## ASSIGNED TASK
Starting at the line that contains "More Photos Of" and stopping at the line that contains "1408 COLUMBIA Drive, Smithers", restate each line of the records below exactly. Omit the pictures.

## GIVEN RECORDS
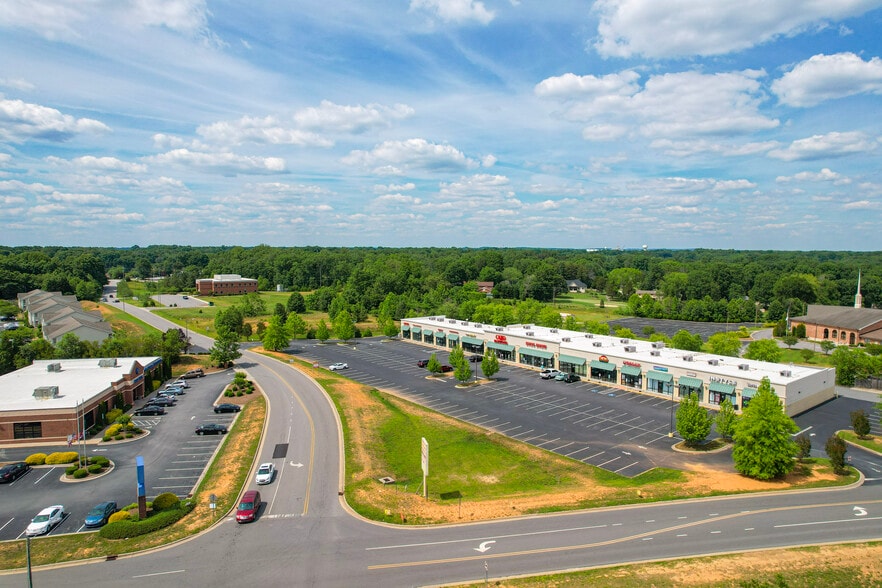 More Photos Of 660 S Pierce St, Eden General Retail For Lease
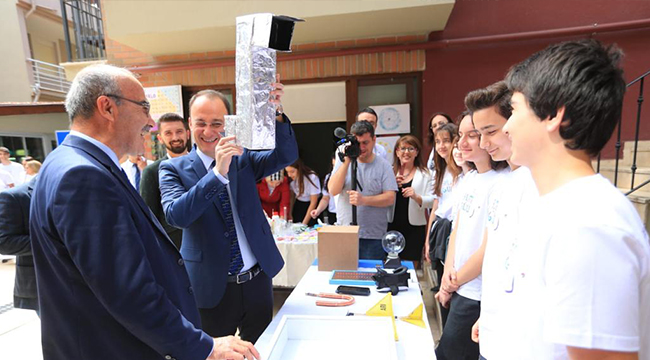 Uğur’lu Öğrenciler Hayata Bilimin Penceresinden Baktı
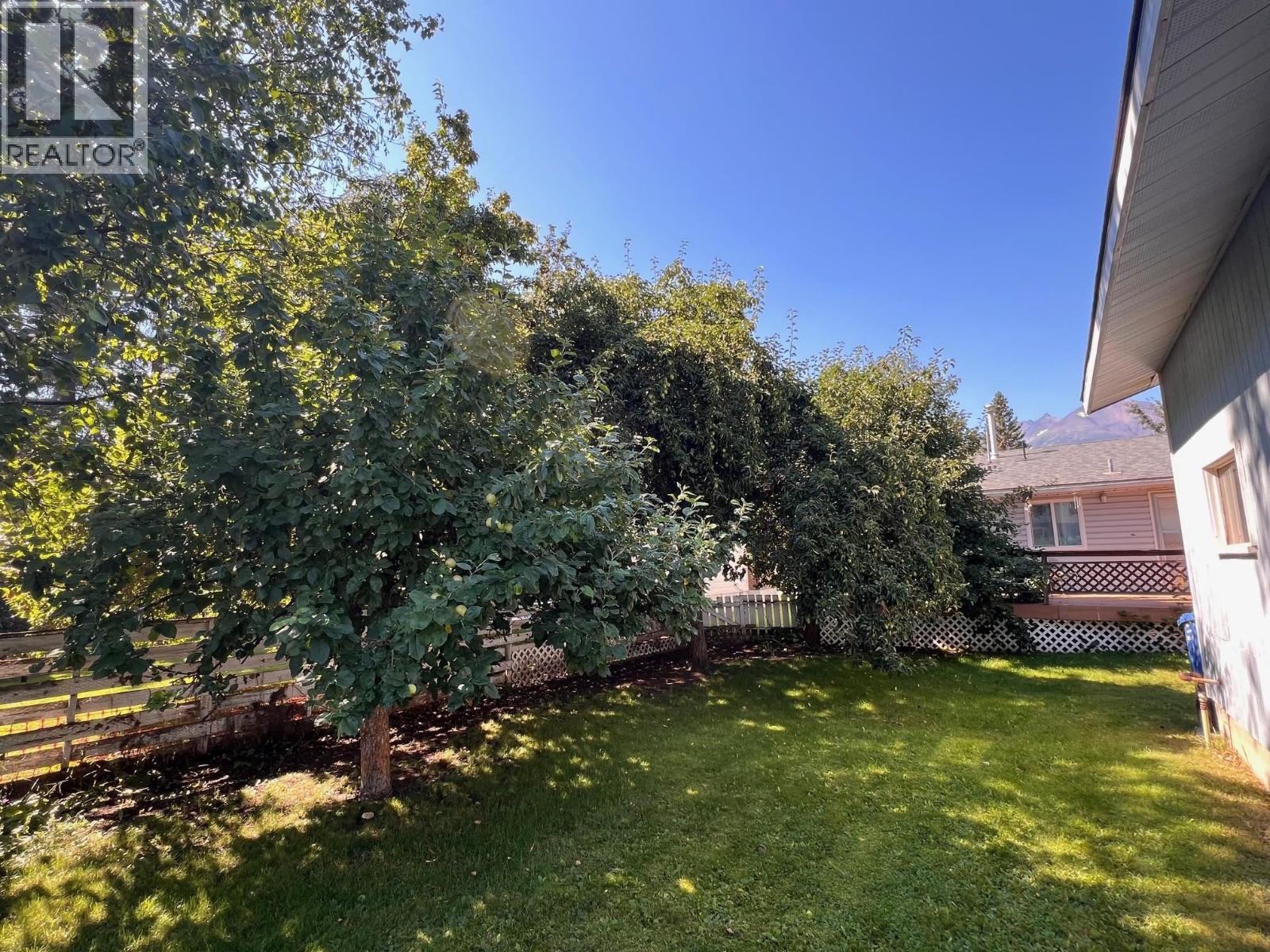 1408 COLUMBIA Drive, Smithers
---
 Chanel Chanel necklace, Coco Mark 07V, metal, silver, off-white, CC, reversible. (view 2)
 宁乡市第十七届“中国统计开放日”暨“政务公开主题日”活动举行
---
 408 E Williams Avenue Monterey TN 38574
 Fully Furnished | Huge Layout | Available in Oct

## RESULT
 More Photos Of 660 S Pierce St, Eden General Retail For Lease
 Uğur’lu Öğrenciler Hayata Bilimin Penceresinden Baktı
 1408 COLUMBIA Drive, Smithers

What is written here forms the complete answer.